• **WHAT THE TASK ASKS**
In the entries below, begin at the line with "Slide: The Image" and stop after the line with "Short detalle tachuela"; output those lines exactly and omit the pictures.

• **DATASET CONTENT**
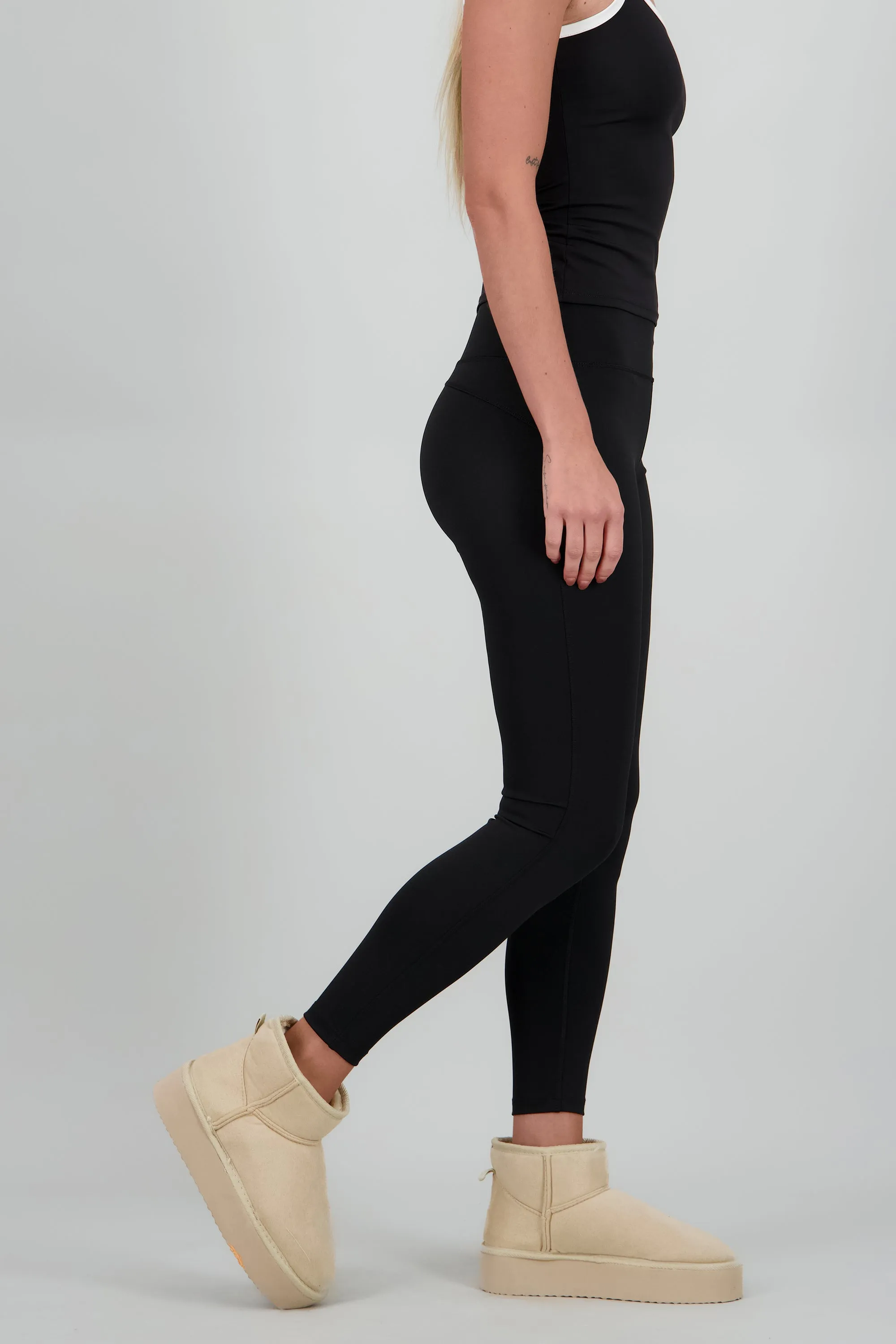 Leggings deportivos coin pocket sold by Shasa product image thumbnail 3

* * *

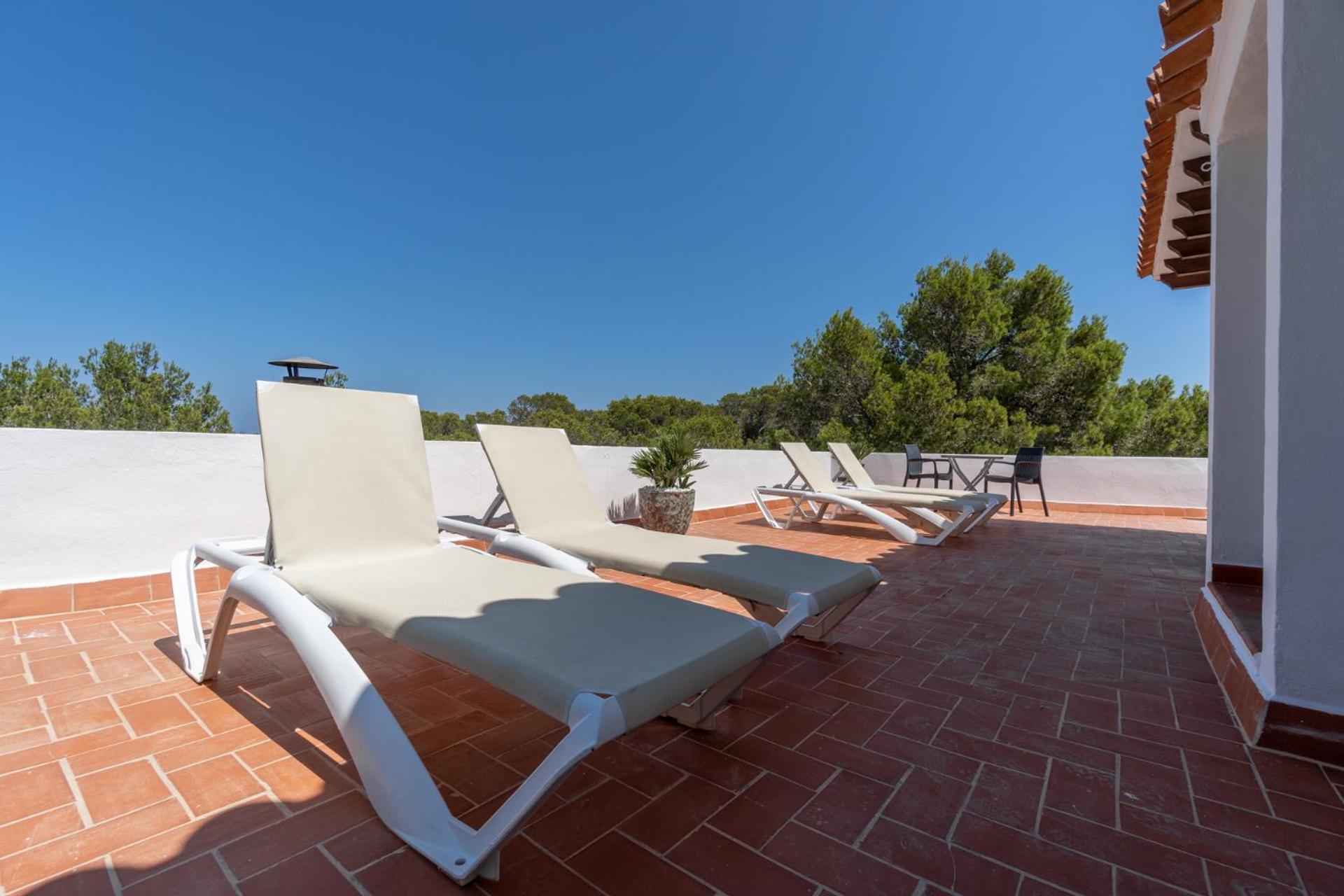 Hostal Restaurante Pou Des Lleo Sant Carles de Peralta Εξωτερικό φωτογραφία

...

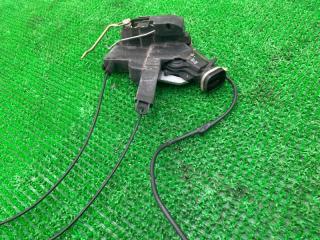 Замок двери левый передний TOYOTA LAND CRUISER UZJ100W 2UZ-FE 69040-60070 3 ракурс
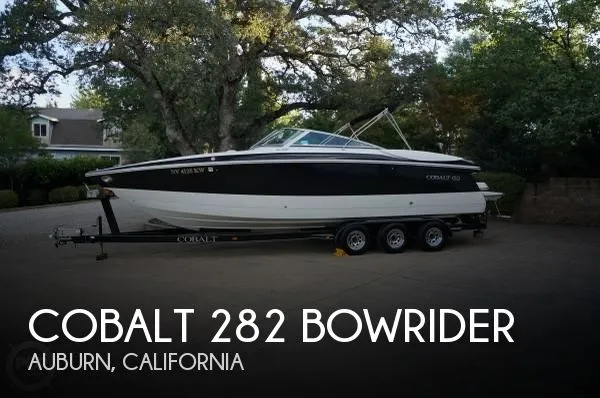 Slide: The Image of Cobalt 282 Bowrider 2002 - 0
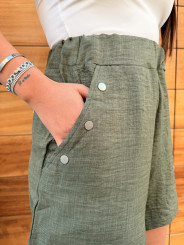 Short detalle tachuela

• **SOLUTION FOR THIS PROBLEM**
 Slide: The Image of Cobalt 282 Bowrider 2002 - 0
 Short detalle tachuela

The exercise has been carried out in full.